Task description:
For this exercise, please find the lines in the entries that include the word "Town" and copy them.

___ Input for this task

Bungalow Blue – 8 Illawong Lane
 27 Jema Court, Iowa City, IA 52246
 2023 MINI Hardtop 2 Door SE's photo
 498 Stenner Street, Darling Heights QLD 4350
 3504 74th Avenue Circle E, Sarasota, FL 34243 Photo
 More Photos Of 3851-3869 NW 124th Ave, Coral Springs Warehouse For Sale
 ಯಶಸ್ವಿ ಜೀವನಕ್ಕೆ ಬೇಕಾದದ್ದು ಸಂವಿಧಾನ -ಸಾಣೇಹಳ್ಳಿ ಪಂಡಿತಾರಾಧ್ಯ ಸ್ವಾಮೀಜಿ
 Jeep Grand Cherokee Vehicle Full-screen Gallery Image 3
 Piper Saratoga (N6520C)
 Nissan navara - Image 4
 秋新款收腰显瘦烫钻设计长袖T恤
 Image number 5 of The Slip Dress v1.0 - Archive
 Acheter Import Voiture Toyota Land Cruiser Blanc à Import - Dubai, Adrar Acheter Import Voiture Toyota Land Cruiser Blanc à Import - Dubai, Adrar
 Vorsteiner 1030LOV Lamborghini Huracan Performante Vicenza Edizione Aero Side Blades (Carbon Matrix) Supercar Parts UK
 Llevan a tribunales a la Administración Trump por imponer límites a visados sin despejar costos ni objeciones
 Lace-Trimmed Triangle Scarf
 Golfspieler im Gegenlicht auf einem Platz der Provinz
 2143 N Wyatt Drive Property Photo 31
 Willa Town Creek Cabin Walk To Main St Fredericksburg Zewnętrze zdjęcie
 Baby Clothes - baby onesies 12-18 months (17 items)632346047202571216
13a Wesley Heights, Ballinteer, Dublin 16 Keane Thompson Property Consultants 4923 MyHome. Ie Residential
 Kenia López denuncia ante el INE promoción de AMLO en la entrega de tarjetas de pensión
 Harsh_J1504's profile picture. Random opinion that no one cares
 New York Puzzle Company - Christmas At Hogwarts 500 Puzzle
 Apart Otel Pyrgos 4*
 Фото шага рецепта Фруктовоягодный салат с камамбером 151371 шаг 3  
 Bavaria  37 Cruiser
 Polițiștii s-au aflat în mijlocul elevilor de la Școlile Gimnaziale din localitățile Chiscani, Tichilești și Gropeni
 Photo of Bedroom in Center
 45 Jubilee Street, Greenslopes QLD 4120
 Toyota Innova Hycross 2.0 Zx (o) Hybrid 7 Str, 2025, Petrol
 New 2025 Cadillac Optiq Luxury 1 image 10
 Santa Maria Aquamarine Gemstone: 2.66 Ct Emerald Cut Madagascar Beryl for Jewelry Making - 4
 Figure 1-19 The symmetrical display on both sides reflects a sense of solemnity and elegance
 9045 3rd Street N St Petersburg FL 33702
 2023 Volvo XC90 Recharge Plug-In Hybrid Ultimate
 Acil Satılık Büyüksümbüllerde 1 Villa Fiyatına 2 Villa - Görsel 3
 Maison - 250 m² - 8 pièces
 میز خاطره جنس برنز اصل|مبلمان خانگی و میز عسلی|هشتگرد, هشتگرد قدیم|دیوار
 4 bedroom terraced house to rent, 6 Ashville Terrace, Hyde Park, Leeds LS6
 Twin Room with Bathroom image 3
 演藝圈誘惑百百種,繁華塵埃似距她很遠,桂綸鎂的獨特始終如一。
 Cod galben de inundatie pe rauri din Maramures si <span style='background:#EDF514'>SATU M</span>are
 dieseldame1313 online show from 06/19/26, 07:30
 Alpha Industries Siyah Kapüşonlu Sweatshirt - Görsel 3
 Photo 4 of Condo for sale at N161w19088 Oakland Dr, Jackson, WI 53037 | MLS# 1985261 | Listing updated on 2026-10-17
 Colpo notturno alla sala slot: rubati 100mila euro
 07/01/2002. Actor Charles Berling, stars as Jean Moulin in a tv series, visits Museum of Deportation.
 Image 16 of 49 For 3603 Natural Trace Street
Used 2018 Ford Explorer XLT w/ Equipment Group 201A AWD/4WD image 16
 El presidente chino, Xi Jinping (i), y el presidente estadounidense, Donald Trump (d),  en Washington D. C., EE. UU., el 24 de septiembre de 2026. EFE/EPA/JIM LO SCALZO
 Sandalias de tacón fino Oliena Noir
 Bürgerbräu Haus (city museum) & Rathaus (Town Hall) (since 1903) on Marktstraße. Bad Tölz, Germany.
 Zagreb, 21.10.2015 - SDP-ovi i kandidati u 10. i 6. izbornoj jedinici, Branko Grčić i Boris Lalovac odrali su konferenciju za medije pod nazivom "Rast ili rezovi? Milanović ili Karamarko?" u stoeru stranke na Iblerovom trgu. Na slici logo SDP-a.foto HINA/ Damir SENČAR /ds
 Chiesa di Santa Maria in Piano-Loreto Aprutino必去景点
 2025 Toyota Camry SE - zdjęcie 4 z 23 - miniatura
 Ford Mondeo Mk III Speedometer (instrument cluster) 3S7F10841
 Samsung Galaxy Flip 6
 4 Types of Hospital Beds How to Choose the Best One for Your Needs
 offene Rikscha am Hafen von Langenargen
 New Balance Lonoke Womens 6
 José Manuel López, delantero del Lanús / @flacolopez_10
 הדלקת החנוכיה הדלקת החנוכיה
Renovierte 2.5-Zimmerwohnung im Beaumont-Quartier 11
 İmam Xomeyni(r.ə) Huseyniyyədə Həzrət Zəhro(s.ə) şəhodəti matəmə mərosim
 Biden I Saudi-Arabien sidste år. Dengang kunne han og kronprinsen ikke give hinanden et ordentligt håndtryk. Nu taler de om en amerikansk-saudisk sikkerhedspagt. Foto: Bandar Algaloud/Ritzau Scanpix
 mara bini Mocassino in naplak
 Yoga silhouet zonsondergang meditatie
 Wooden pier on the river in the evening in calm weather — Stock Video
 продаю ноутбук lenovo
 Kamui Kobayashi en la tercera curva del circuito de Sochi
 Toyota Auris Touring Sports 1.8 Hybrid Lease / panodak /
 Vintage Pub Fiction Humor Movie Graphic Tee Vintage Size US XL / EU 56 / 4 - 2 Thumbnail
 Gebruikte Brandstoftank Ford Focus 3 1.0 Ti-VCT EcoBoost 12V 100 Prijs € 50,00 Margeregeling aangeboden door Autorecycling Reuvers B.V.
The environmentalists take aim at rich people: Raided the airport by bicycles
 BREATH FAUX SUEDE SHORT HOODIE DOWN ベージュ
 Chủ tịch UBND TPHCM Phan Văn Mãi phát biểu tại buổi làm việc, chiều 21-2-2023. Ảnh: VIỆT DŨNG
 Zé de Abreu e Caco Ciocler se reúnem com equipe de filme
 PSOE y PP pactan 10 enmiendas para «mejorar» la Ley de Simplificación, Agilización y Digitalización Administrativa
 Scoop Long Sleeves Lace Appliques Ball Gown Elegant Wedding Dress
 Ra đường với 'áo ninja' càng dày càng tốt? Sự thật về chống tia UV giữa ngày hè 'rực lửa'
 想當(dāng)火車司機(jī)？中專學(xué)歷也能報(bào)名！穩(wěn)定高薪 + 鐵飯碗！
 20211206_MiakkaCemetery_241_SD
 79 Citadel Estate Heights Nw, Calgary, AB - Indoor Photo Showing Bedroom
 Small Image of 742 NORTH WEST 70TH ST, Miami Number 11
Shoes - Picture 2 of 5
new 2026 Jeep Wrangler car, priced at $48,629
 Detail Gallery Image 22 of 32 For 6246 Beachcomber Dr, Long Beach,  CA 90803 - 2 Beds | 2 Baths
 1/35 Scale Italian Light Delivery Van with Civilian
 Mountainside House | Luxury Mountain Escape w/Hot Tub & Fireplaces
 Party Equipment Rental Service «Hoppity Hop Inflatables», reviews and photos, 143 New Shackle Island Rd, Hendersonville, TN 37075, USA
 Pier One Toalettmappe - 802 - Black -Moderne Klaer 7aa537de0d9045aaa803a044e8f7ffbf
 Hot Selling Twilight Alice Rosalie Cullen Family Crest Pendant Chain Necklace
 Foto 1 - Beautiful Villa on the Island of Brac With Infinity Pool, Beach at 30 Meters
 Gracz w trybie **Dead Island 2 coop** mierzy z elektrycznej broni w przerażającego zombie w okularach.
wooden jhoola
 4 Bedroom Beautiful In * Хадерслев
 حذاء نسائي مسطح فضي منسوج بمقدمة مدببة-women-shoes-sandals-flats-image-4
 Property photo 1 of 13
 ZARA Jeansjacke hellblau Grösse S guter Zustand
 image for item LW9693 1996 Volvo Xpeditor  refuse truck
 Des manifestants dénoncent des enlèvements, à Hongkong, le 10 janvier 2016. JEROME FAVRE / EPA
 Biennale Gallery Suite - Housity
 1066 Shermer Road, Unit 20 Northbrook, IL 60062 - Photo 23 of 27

______

Answer space:
 Willa Town Creek Cabin Walk To Main St Fredericksburg Zewnętrze zdjęcie
 Bürgerbräu Haus (city museum) & Rathaus (Town Hall) (since 1903) on Marktstraße. Bad Tölz, Germany.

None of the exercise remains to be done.